Workers’ Responsibilities
Since the end of 1918 there have been numerous appeals by our masters and their agents through the columns of the daily Press to the working class to cease waging a struggle on the industrial field for improved conditions. Have they not told us of their grave difficulties through the world economic crisis, and their endeavour on our behalf to obtain contracts—even at a loss— in order to give us work?
They have reminded us of the “brotherly” feeling prevalent during the war and in the trenches, and exhorted us to live it all over again in the “piping times of peace.”
Objections are sometimes raised that the Socialist Party is too destructive in its criticisms of the part played by the officials of the Trade Union movement and the leaders of the Parliamentary Labour Party, but any worker recognising the conflict of interests between the capitalist class and the workers realises there can be no community of interests between the robber and the robbed. Trade Union officials who urge the working class to consider the interests of the exploiters are without doubt the enemies of the exploited.

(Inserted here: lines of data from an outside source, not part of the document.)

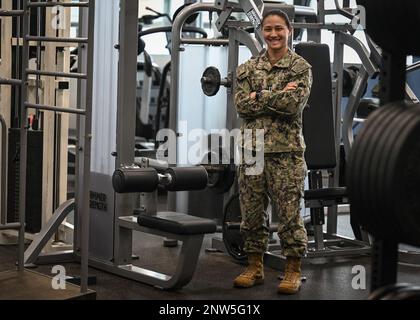 CORONADO, California (30 gennaio 2023) – Tia Blythe, un fisioterapista assegnato al Naval Special Warfare Group (NSWG) 1, posa per un ritratto nella clinica a bordo del Silver Strand Training Complex di Coronado, California. Naval Special Warfare è la forza militare marittima speciale della nazione, in una posizione unica per estendere la portata della flotta e mantenere l'accesso alla forza congiunta in competizione e conflitto. Foto Stock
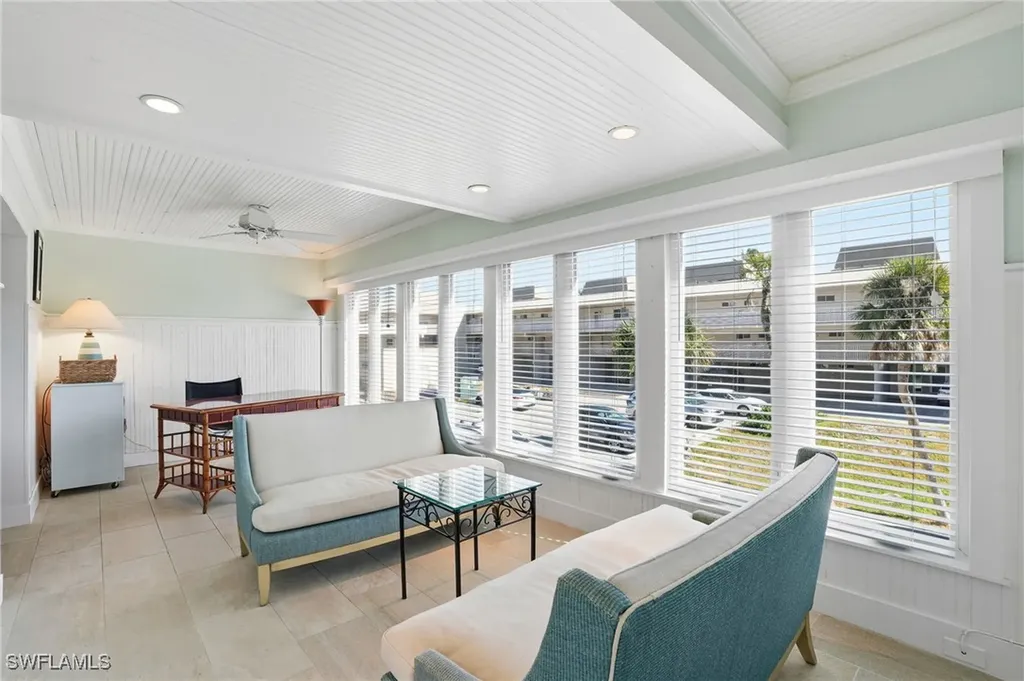 200 Periwinkle Way Sanibel FL 33957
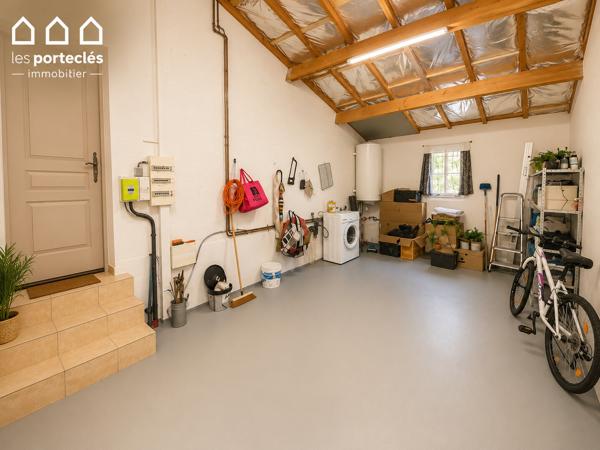 90m², 3 chambres, garage aménagé et 325 m² de jardin 220 000 €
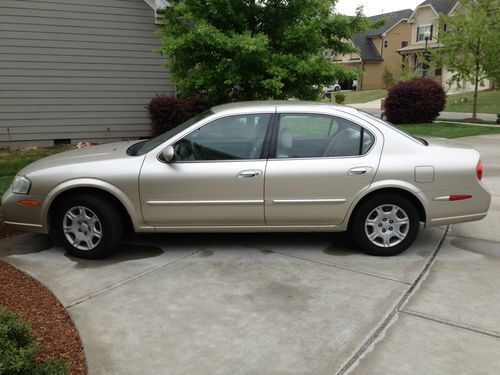 2000 nissan maxima gxe sedan 4-door 3.0l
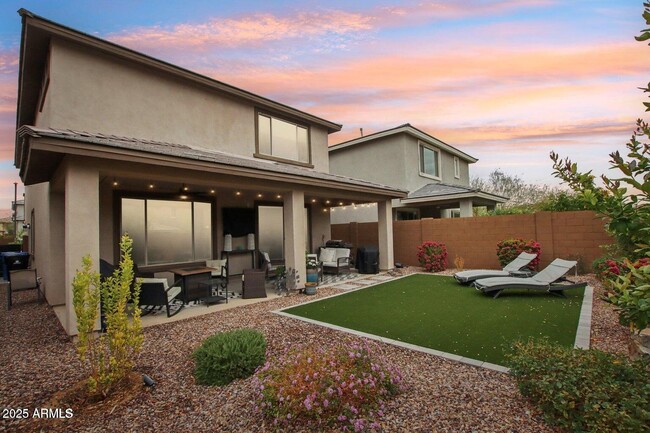 Building Photo - 3551 E Louise Dr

Just recently a small journal was handed to the writer, from which he extracts the following:—
“In addressing a meeting of women workers at York, Miss Margaret Bondfield, M.P. (Parliamentary Secretary to the Ministry of Labour), gave such good advice that we are printing it for the advantage of our readers.
“She said, as a trade unionist, she must urge them to take a full share in the responsibility for the success of the business. The times in which we lived were times of great seriousness to business people. In that factory they had an opportunity of sharing, through their Works Council, in the responsibility for the success of the business. It was a matter of definitely making up their minds to give a certain amount of thought to their work. Their employers desired to make the business a great contributing fact to the welfare of the country, and were trying to get away front the old idea that the only justification for business was to make money for certain members of the firm.
“Then there was the tremendously important matter of their own personal development. It was not merely a question of how to earn their daily bread, but how to use their leisure time. Personally, she liked a good novel and a cowboy film. But that must not be all. She found that what was most interesting was to read about the lives of clever and important people and the biographies of people who had made their mark in the world. They must cultivate a taste so that they could open the doors of literature and so get access to the whole world. In this cultivation of personal character they must seek to serve their generation, and think less about themselves.”
The National Amalgamated Monthly, Aug. 1924.
There, now. Grumble no more. See Tom Mix at the movies, read of clever and important people, such as Horatio Bottomley and Lloyd George, who have made their mark in the world. Cultivate a taste for the literature of a Nat Gould, and all will be well.